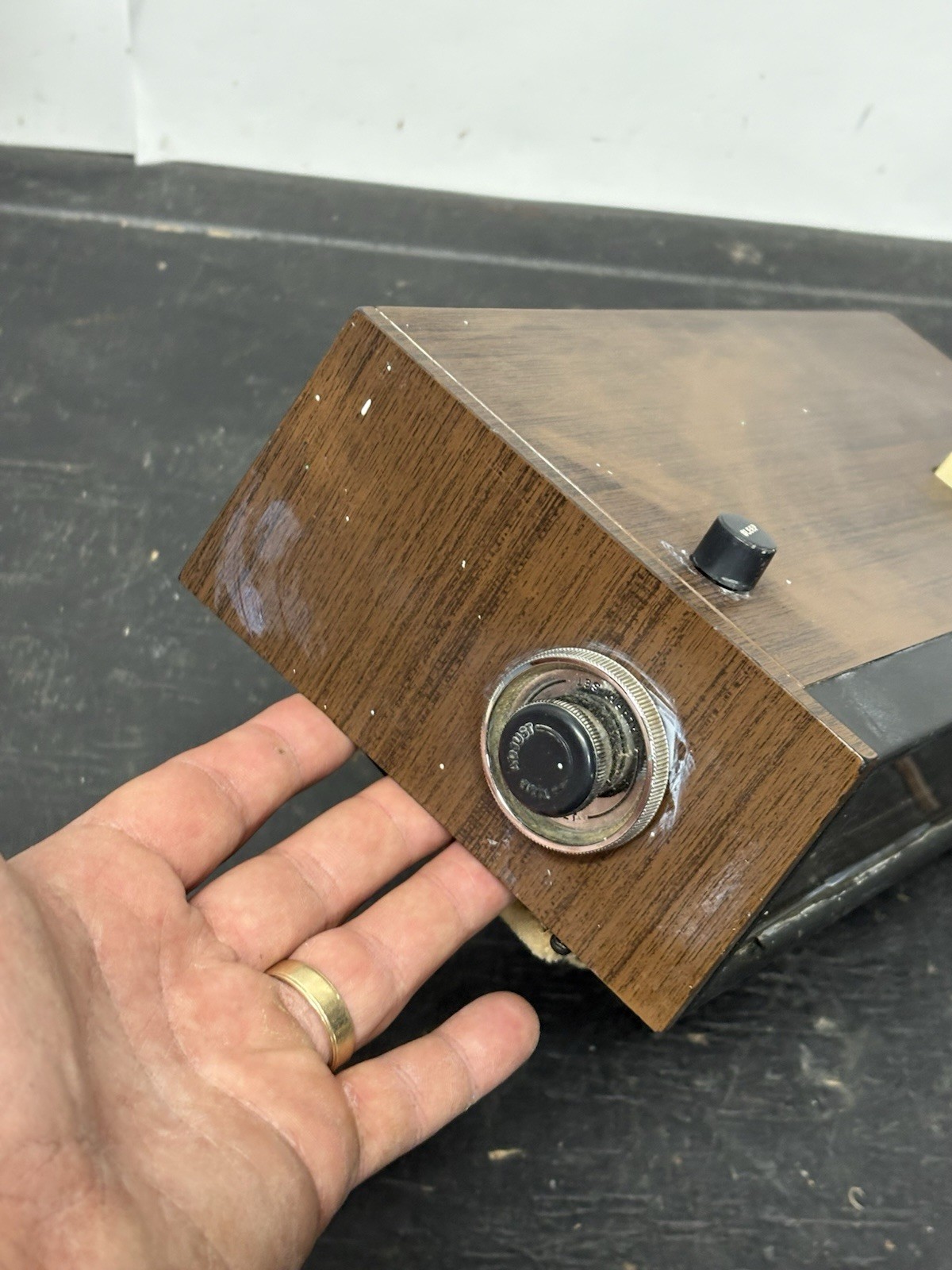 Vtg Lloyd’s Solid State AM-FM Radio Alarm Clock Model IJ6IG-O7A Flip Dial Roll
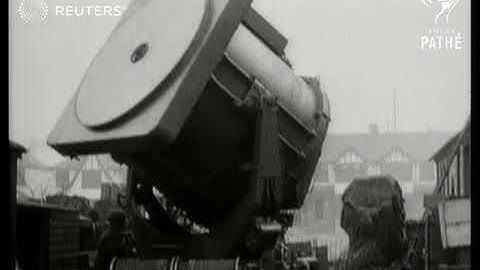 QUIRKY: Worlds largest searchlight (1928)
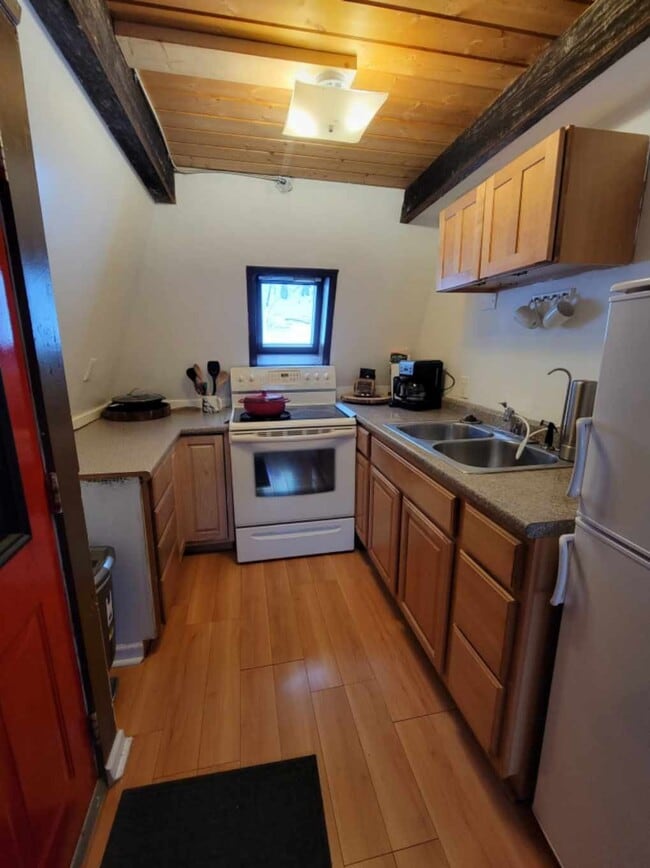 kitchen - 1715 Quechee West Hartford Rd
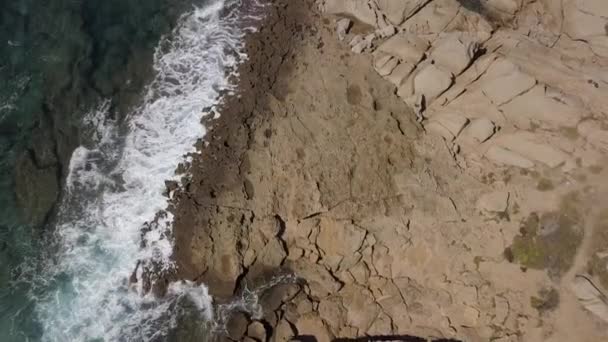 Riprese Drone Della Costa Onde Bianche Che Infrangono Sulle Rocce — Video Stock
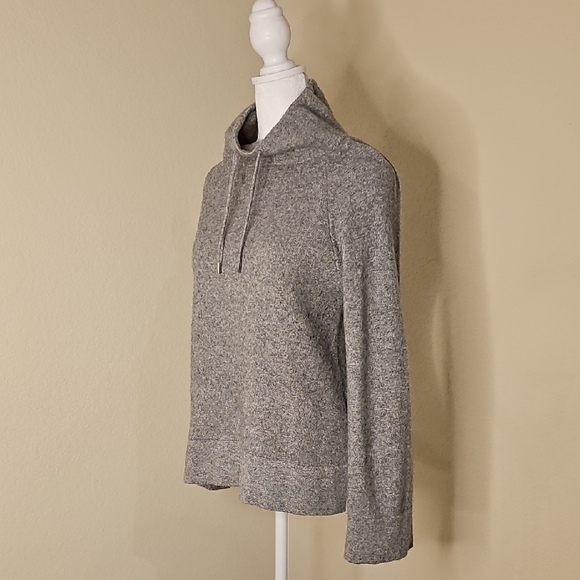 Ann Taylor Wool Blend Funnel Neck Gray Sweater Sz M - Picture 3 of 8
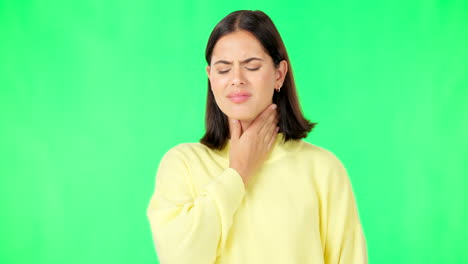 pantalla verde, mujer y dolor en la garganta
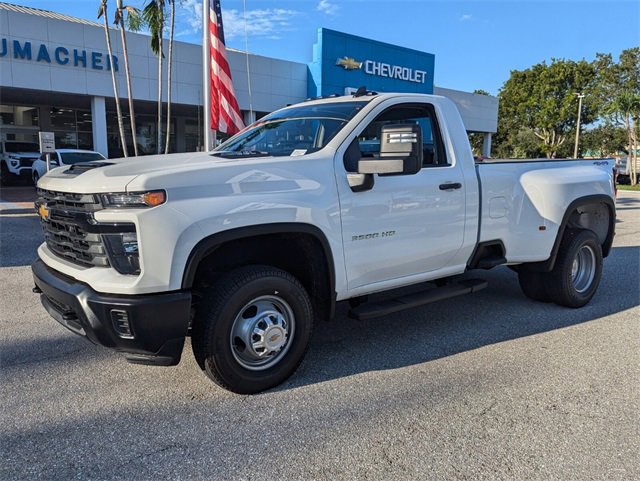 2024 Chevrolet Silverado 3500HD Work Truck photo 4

THE PROBLEM
Exactly as written, give again every line from the one containing "kitchen - 1715 Quechee West Hartford Rd" through the last line of the material, both included, with the pictures left out.

ANSWER SECTION
 kitchen - 1715 Quechee West Hartford Rd
 Riprese Drone Della Costa Onde Bianche Che Infrangono Sulle Rocce — Video Stock
 Ann Taylor Wool Blend Funnel Neck Gray Sweater Sz M - Picture 3 of 8
 pantalla verde, mujer y dolor en la garganta
 2024 Chevrolet Silverado 3500HD Work Truck photo 4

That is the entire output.